All entries are to be given again verbatim.

(Data supplied)

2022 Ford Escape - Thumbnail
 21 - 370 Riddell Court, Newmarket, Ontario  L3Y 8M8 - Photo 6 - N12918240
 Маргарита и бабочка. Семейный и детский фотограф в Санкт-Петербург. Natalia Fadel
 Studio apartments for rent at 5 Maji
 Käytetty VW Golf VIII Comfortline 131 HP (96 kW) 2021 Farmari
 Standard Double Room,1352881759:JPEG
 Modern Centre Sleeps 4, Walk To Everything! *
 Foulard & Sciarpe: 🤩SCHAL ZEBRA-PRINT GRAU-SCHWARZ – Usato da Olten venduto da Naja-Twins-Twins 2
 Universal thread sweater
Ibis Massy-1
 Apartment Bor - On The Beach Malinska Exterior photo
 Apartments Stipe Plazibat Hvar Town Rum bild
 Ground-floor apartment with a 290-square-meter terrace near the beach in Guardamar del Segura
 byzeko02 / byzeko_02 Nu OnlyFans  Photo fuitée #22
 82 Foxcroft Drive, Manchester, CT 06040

(End Data supplied)

Solved problem:
2022 Ford Escape - Thumbnail
 21 - 370 Riddell Court, Newmarket, Ontario  L3Y 8M8 - Photo 6 - N12918240
 Маргарита и бабочка. Семейный и детский фотограф в Санкт-Петербург. Natalia Fadel
 Studio apartments for rent at 5 Maji
 Käytetty VW Golf VIII Comfortline 131 HP (96 kW) 2021 Farmari
 Standard Double Room,1352881759:JPEG
 Modern Centre Sleeps 4, Walk To Everything! *
 Foulard & Sciarpe: 🤩SCHAL ZEBRA-PRINT GRAU-SCHWARZ – Usato da Olten venduto da Naja-Twins-Twins 2
 Universal thread sweater
Ibis Massy-1
 Apartment Bor - On The Beach Malinska Exterior photo
 Apartments Stipe Plazibat Hvar Town Rum bild
 Ground-floor apartment with a 290-square-meter terrace near the beach in Guardamar del Segura
 byzeko02 / byzeko_02 Nu OnlyFans  Photo fuitée #22
 82 Foxcroft Drive, Manchester, CT 06040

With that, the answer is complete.